In order to better understand the agents' behavior in the gridworld we can again make use of the `print()` and `plot()` function.

**Question**: As a first step, lets have a look at the performance of our agent. Do you have any hypothesis about this?

In [None]:
# what is your hypothesis?
# (you can change this code block to markdown)






**Answer**: Performance for learning agents should improve over time. Therefore we should expect to find improvements in performance for our grid world agent. Performance can be measured in multiple different ways. For our grid world example, we could define 2 measures of preformance. The first measure is already plotted below: the number of steps it takes the agents to get from start state to terminal state. While the agent is aimlessly roaming the gridworld in the beginning, it quickly picks up the optimal path to the goal.

**Excercise 2** Define a second measure of performance, implement it in the code and plot it.

In [None]:
# plotting performance
plot(1:nRun, apply(movecounter, c(1), mean), xlab = "Runs", ylab = "Steps", main="Performance",)

Finally, we can also have a look at the policy of our agents.

Plotting the policy

In [None]:
actions2plot <- c("left ", " up  ", "right", "down ")

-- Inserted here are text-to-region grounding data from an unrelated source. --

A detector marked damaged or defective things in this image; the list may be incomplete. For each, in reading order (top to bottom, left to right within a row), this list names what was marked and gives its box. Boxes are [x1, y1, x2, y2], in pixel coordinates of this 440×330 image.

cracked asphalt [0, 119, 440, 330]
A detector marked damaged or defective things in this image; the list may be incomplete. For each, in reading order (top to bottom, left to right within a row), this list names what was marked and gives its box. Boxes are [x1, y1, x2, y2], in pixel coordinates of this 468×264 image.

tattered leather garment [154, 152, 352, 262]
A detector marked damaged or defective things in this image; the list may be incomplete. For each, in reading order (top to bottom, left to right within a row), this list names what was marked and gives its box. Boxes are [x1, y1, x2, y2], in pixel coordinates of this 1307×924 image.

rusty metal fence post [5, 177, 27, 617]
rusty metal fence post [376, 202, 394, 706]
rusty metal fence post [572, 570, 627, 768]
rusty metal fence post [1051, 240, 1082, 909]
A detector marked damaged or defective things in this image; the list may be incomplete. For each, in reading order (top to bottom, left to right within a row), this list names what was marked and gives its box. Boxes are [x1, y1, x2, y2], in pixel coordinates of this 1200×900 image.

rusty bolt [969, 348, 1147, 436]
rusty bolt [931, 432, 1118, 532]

a = apply(Qall, c(1,2), mean)
b = apply(a, c(1), which.max)
dim(b) = c(grid_size,grid_size)

#print(a)

print("policy for recent agent")
for (i in 1:grid_size) {
  cat('|')
  for (j in 1:grid_size) {
    if (states[i,j]==s_0) {
      cat(paste('*',actions2plot[b[i,j]],'*|'))
    } else if (states[i,j]==s_terminal) {
      cat(paste('+',actions2plot[b[i,j]],'+|'))
    } else {
      cat(paste(' ',actions2plot[b[i,j]],' |'))
    }
  }
  print('')
}

**Excercise 3.** So far, we have only investigated the softmax and random method for action selection, with random action selection being a special case of softmax action selection. Try to implement alternative methods, such as greedy or e-greedy and have a look how performance changes. 

**Excercise 4.** The current grid world is perfectly deterministic. Actions reliably lead to the same outcome. Reward is always hidden in the same location. Recall that for our bandit example reward delivery was probabilistic. Can you implement some randomness in the grid world as well? Think about a few possible options. How could you implement those and what would be the consequences for agents' learning and decision-making?

**Excercise 5.** (optional) Although we have only discussed different decision rules at this point, we could also think about different learning rules. A prominent example is already described in Sutton & Barto (2018, p132). In their variant of the grid world, learning for the different learning rules translates into very distinct behavioral patterns. It nicely illustrates how small changes in the algorithm can have quite strong effects on decision making. Have a look at the example. Can you construct a cliff world and replicate the findings reported by Sutton & Barto?